EXERCISE OBJECTIVE >>
What is needed is an exact repeat of the lines from the one holding "대장암 4기란 정확히 무엇인가?" through the final line of the data, with no pictures.

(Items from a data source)

**********

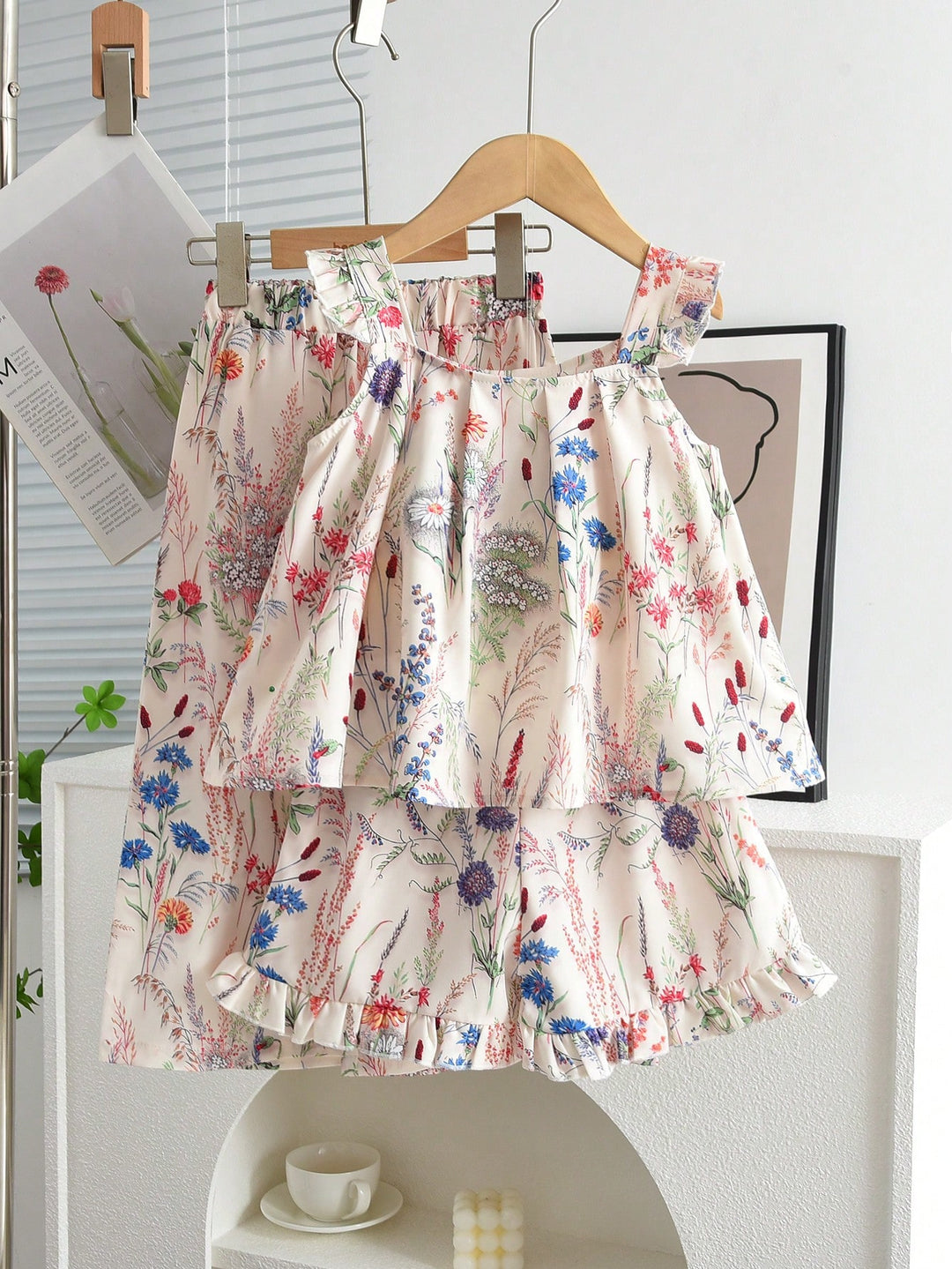 Set SHEIN, mix culori
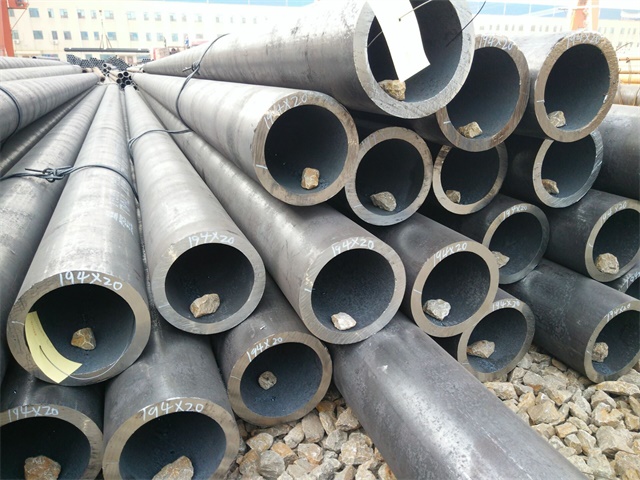 丰宁12Cr1MovG合金无缝钢管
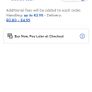 2 Seated Westlife Tickets Image 2
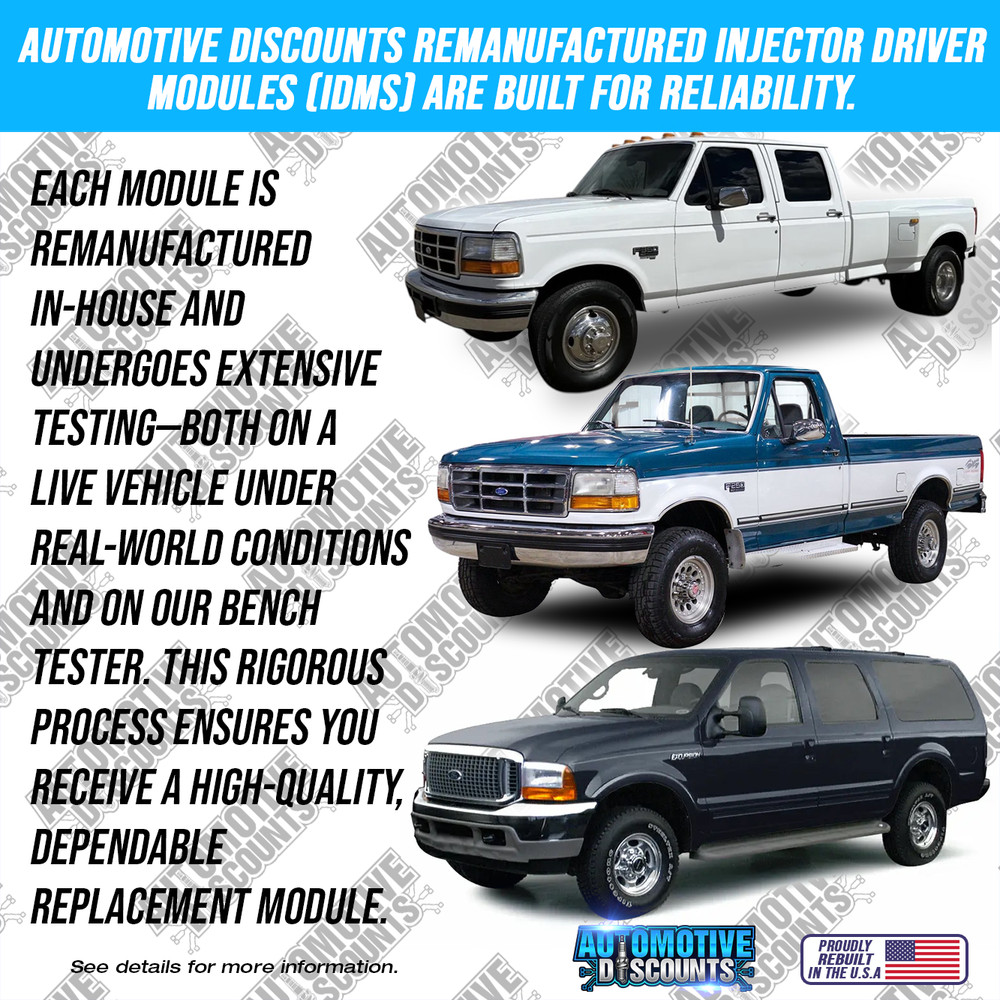 ✅✅✅IDM Ford Injector Drive Module 7.3 ✅✅✅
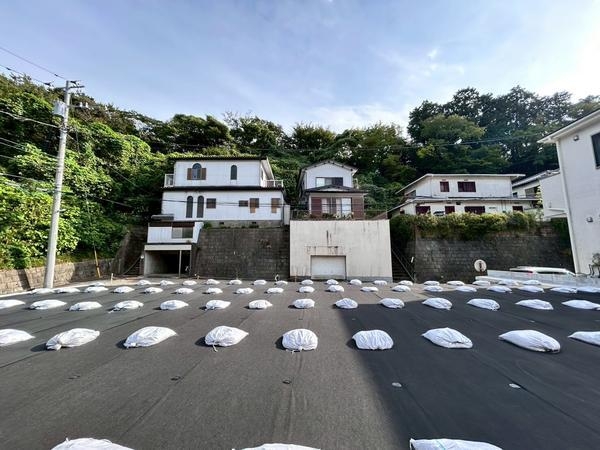 鎌倉市関谷の土地
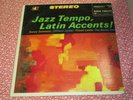 SONNY SIMMONS Jazz Tempo Latin Accents LP (1965) orig JAZZ Jordan/Prince Lasha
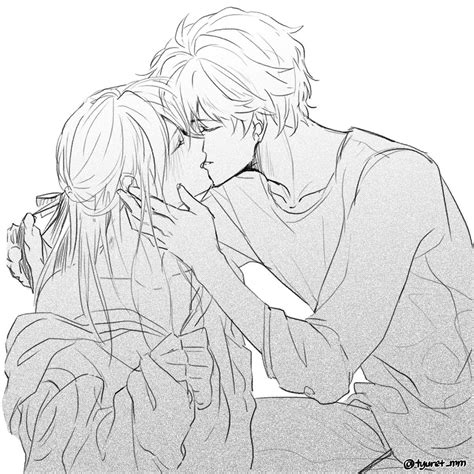 Pin By Tamy On My Ship Will Sail 4ever Mystic Messenger Anime Love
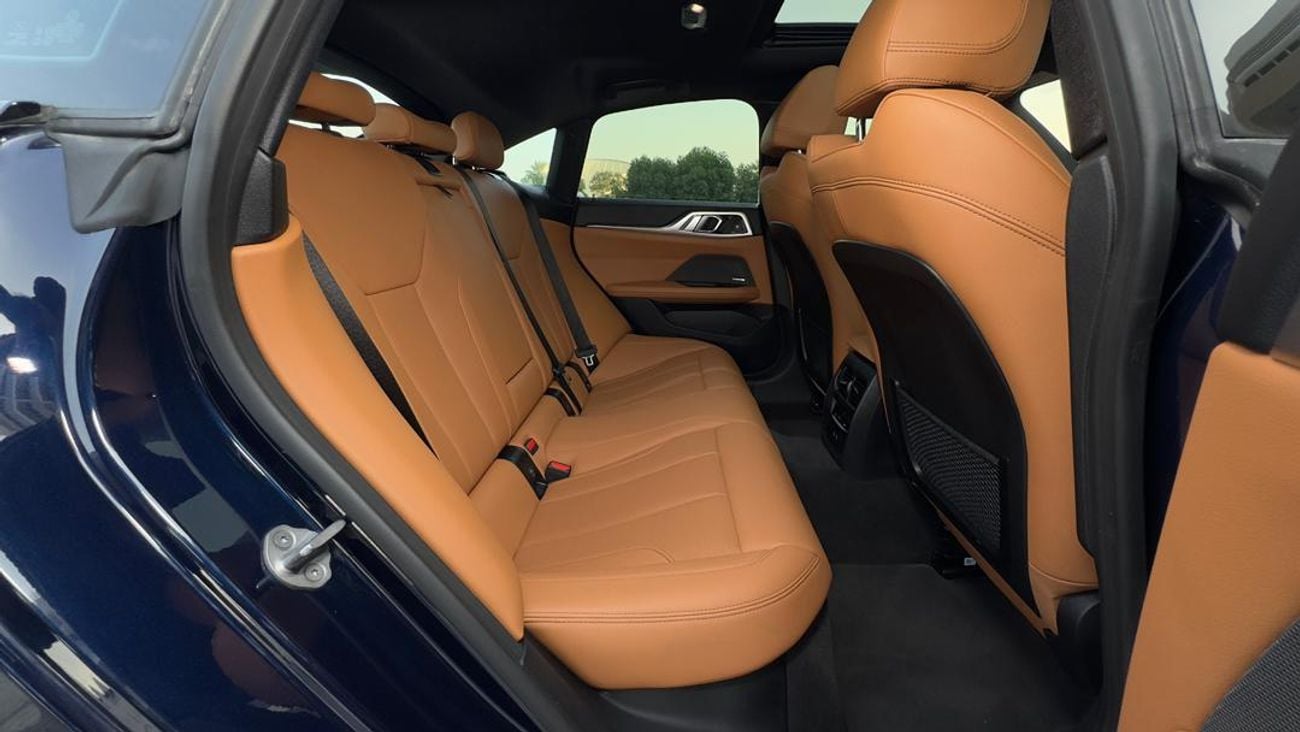 بي أم دبليو M440i xDrive 3.0L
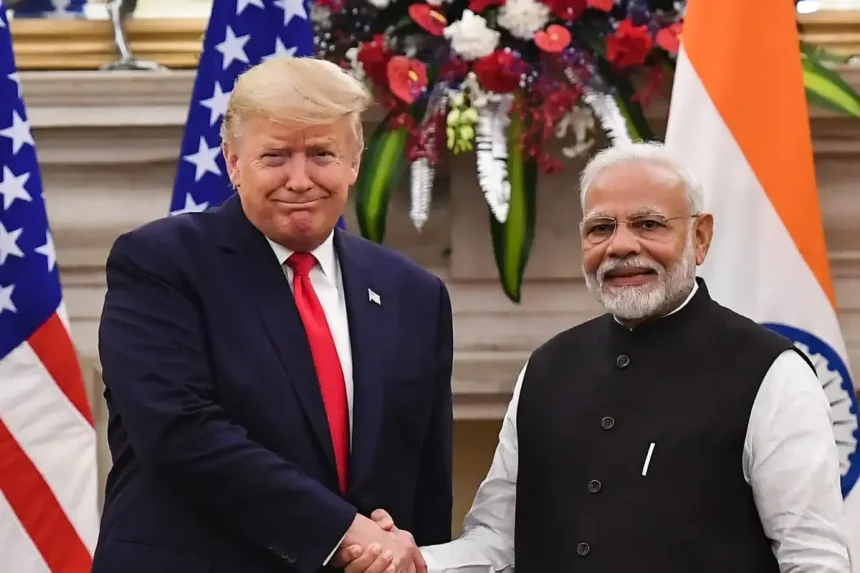 गाजा शांति समझौते पर पीएम मोदी ने जताई खुशी, ट्रंप के शांति प्रयासों का किया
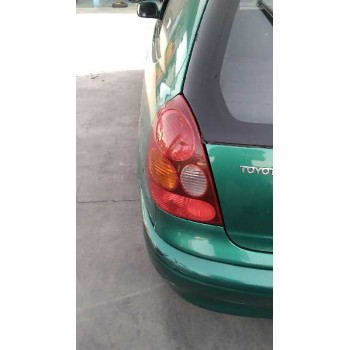 toyota corolla (e11) del año 1999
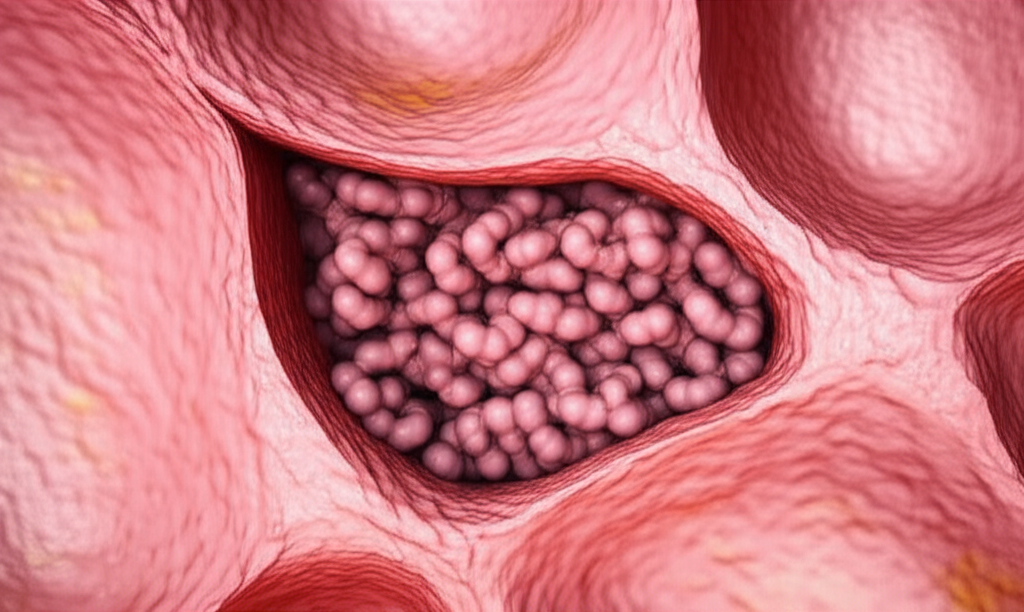 대장암 4기란 정확히 무엇인가?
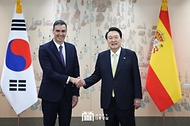 페드로 산체스 스페인 왕국 총리 공식방한 사진 4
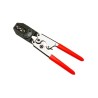 3M Crimp Tool for Uninsulated and Insulated Terminals 11.5in Plastic Hand Grip TR-490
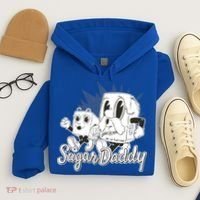 Sugar Daddy Funny Gift Hoodie thumb 4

**********

ANSWER >>
 대장암 4기란 정확히 무엇인가?
 페드로 산체스 스페인 왕국 총리 공식방한 사진 4
 3M Crimp Tool for Uninsulated and Insulated Terminals 11.5in Plastic Hand Grip TR-490
 Sugar Daddy Funny Gift Hoodie thumb 4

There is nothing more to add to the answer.